Ha avuto problemi anche l’associazione sportiva The Hurricane. «Dovevamo ricominciare lunedì scorso», dice Gianluca Zelli. «Per il momento stiamo portando i ragazzi a Sambuceto e poi potremmo andare a Silvi visto che, ad oggi, non abbiamo avuto la possibilità di usufruire delle Naiadi. Aspettavamo il contratto per agosto, dopo aver presentato richiesta per lo spazio acqua, ma non abbiamo avuto risposte». Il pericolo, mormorato e temuto da tutti, è che «la società creata dal gestore tolga spazi acqua a tutti gli altri». Ma per convenzione, sottolinea più volte Zelli, «devono garantire alle società di nuoto la possibilità di svolgere attività agonistica. E alla luce di questo principio noi chiediamo le stesse corsie dell’anno scorso». Per Renato Possanzini, della Swim Team, si potrebbe creare «un ingorgo, con una riduzione di spazi per tutti, se ci consentiranno di usare solo le due vasche interne piccoline.

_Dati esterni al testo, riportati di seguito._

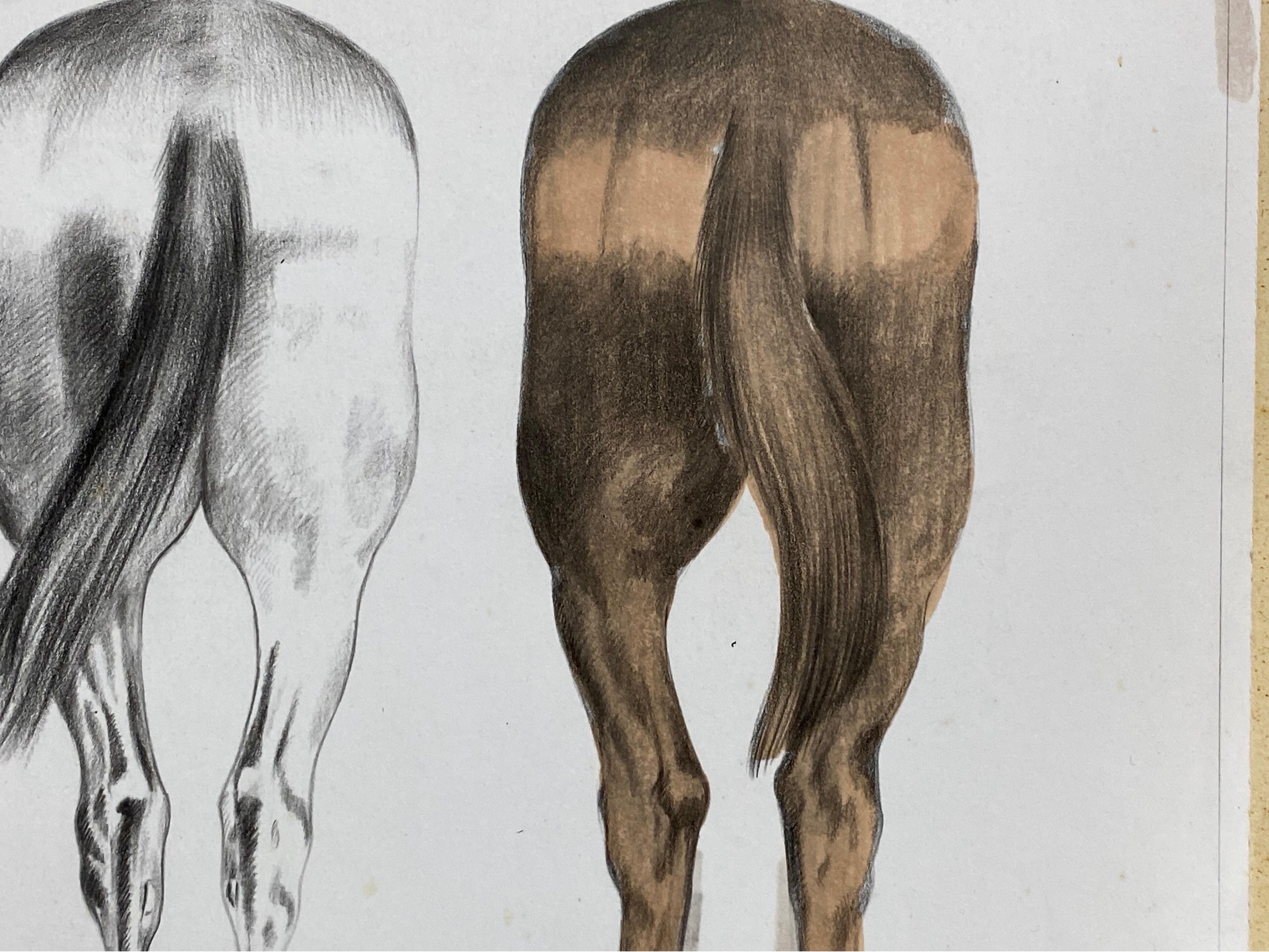 Anatomie eines Pferdes – Original französisches Kunstwerk, Pferde Anatomiestudie (Grau), Animal Painting, von Robert Ladou
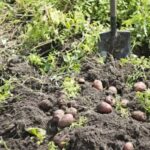Агрономи розповіли, коли потрібно копати картоплю, щоб вона…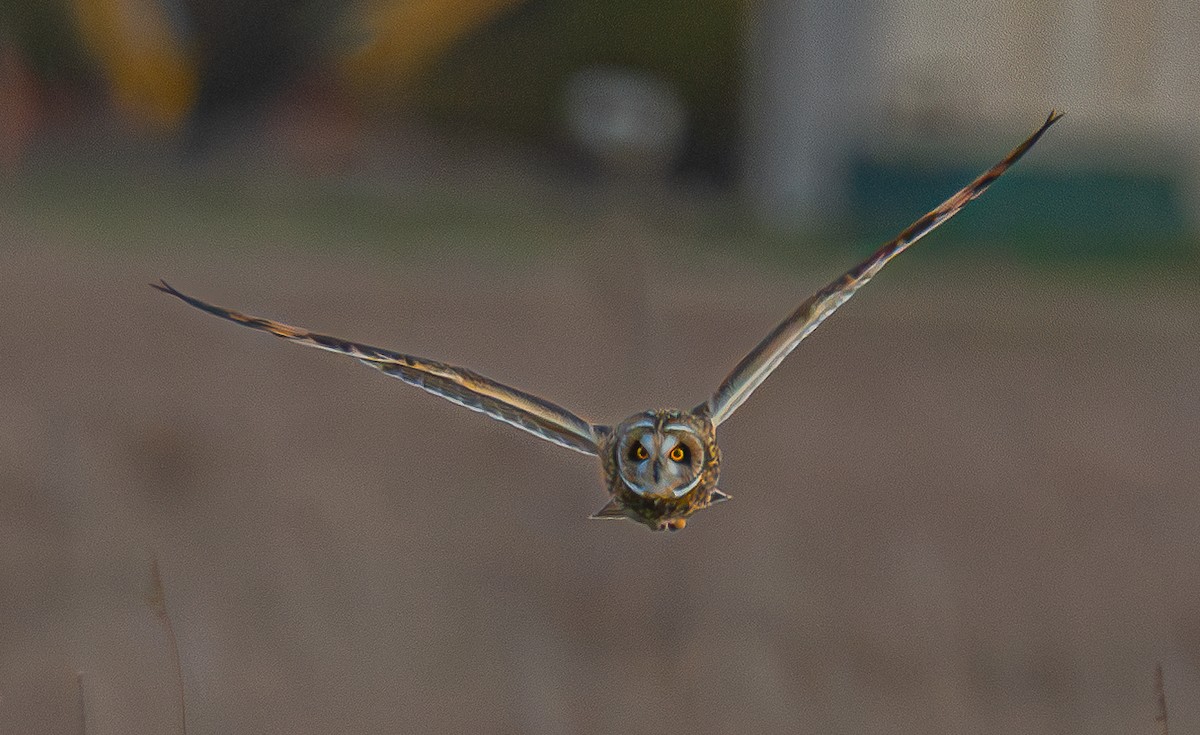 Short-eared Owl - ML646175456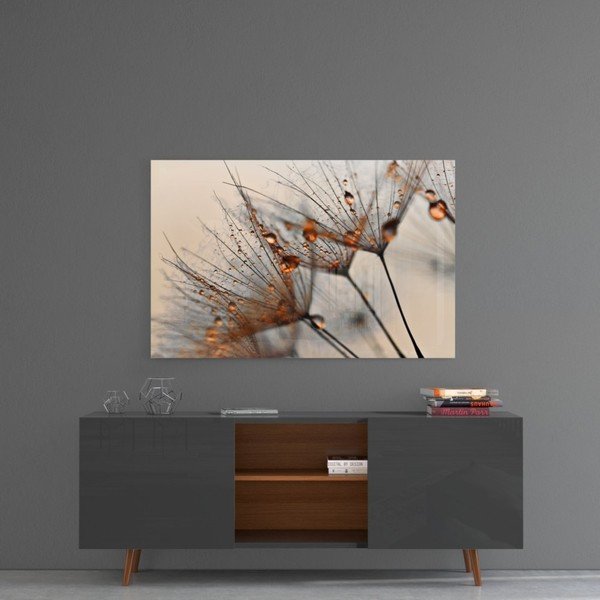 Картина върху стъкло , 72 x 46 cm Cinnamon Dandelion - Insigne-image-1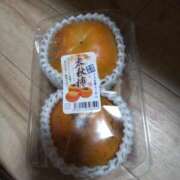 ヒメ日記 2025/11/02 21:36 投稿 生田 久留米デリヘルセンター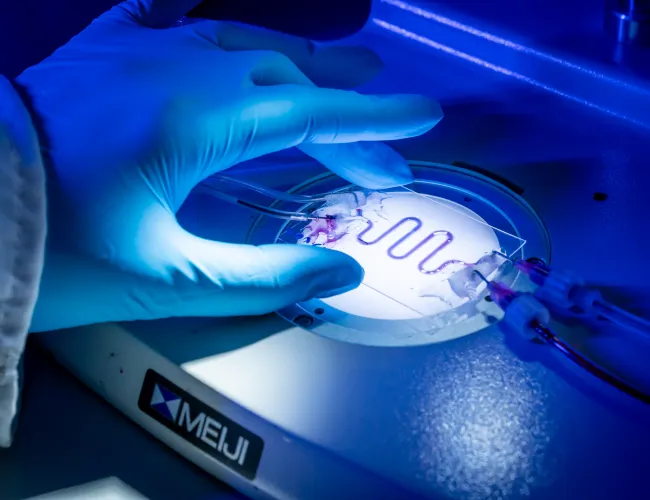 Nano-micro manufacturing facility lab-on-chip node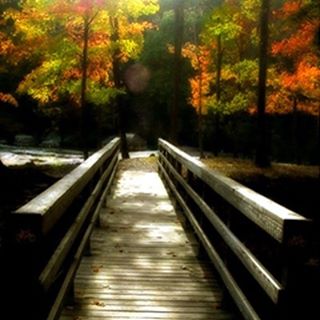 a wooden bridge with fall leaves at the end of the birdge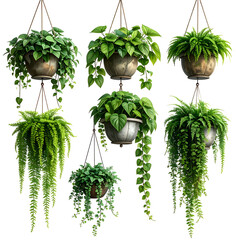 Six hanging baskets showcasing varied green foliage, suspended against a dark backdrop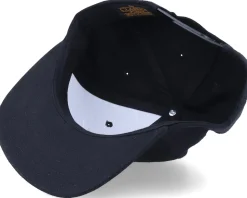 Kids Peeping Dino T-rex Black Snapback - Kiddo Cap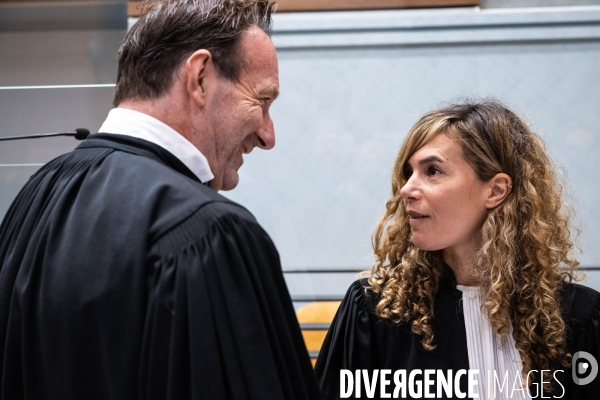 Albi : proces cedric jubillar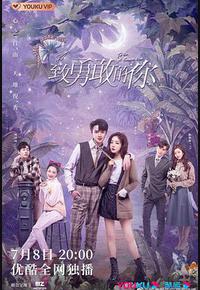 致勇敢的你 致勇敢的你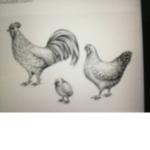 Da Chickens RULE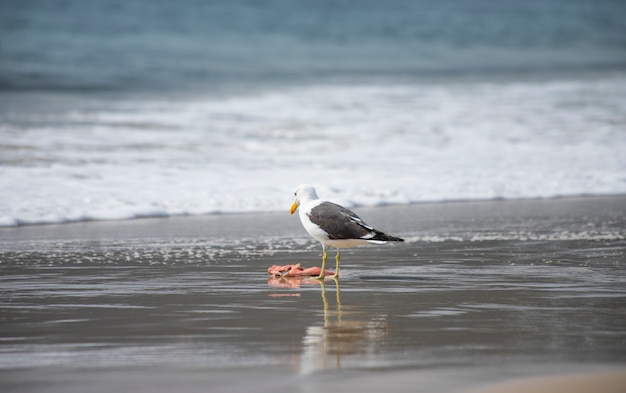 Gull eating fish on the beach of Jurerê Internacional Florianópolis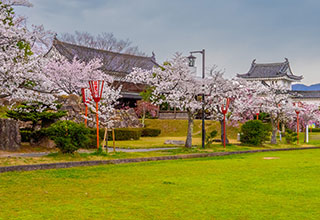 田辺城の見どころ2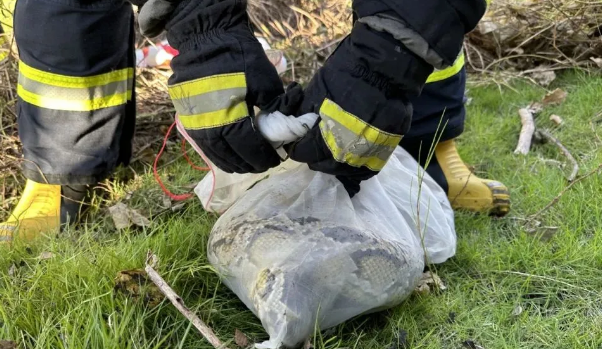 事发广东！高速收费站附近惊现2米长蟒蛇！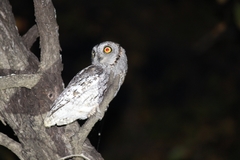 Otus senegalensis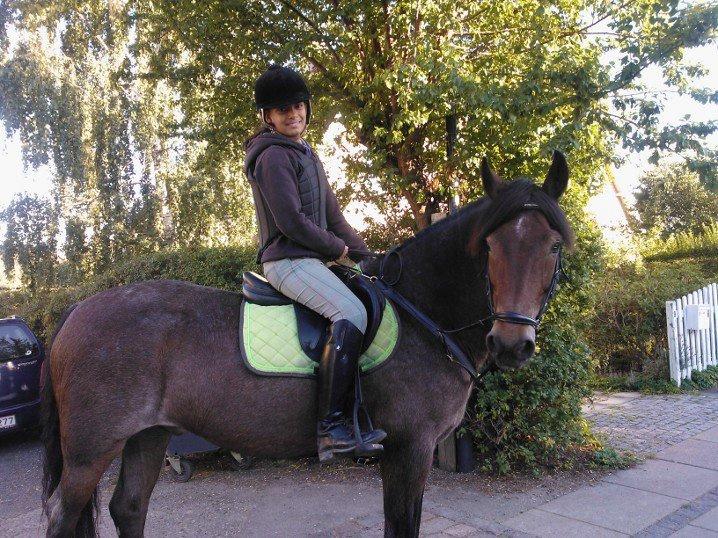 Connemara Jester - Velkommen til vores profil :)
Første gang jeg rider prinsen <3 billede 1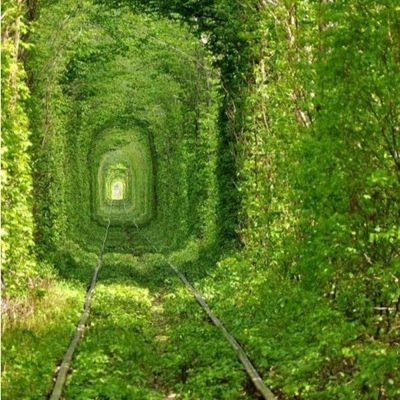 GercekRealty's profile picture. Yalnız adam(hümanist)-/TÜRKIYE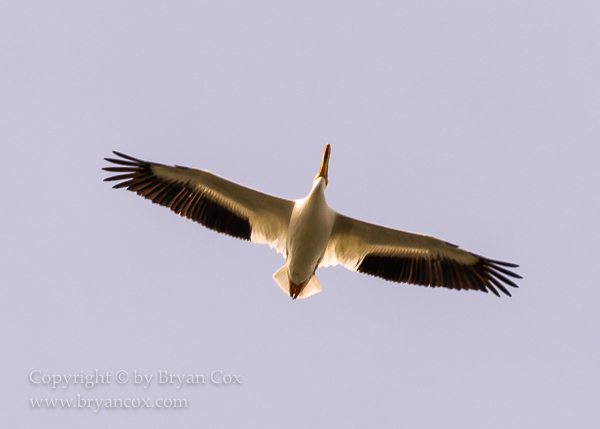 Image of White Pelican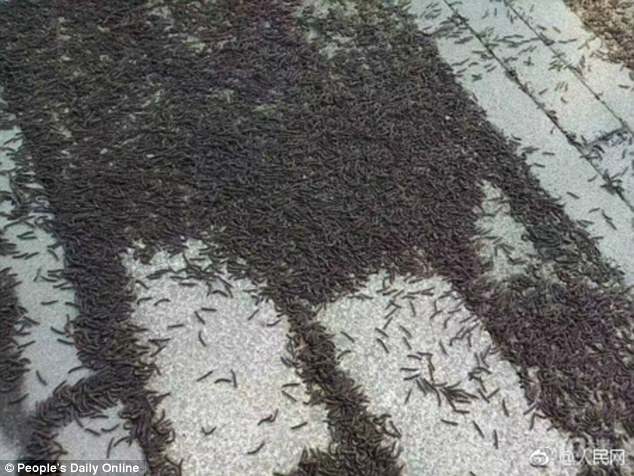 Video clips shows hundreds of black millipedes crawling on the floor, covering the tiles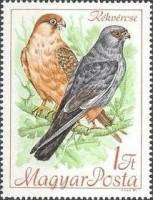 (1968-023) Марка Венгрия "Кобчик"    Конгресс Международного орнитологического совета по охране птиц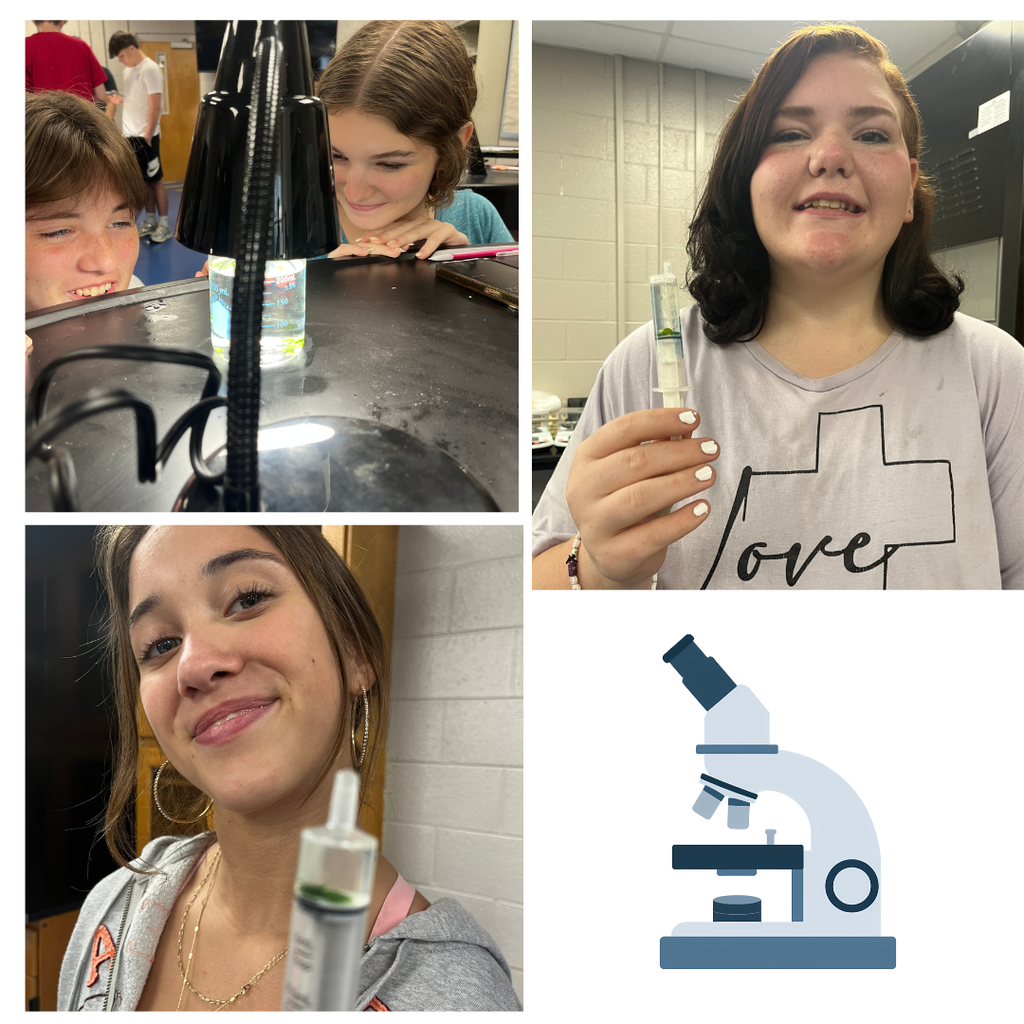 Mrs. Watts' Biology students put photosynthesis to the test! By observing leaf discs and timing how long it took them to float, students investigated the rate of photosynthesis and witnessed oxygen production in action. Hands-on science helps bring classroom concepts to life!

Noi avevamo 3 corsie per tre ore al giorno ma ci è stata annunciata una riduzione a due corsie per due ore. Potremmo non entrarci tutti (gli atleti del sincronizzato sono 70, più 30 del nuoto master) e quindi dovremmo far ricorso ad altri impianti ma le famiglie potrebbero non essere favorevoli perché gli spostamenti richiedono tempo. Per il momento aspettiamo di vedere cosa accadrà: hanno tempo fino a domenica per comunicarci il da farsi». Poi l’11 settembre si tonerà in vasca. Ma la paura che serpeggia, in queste ore, è di perdere gli iscritti, che potrebbero passare ad un’altra società. O abbandonare l’attività.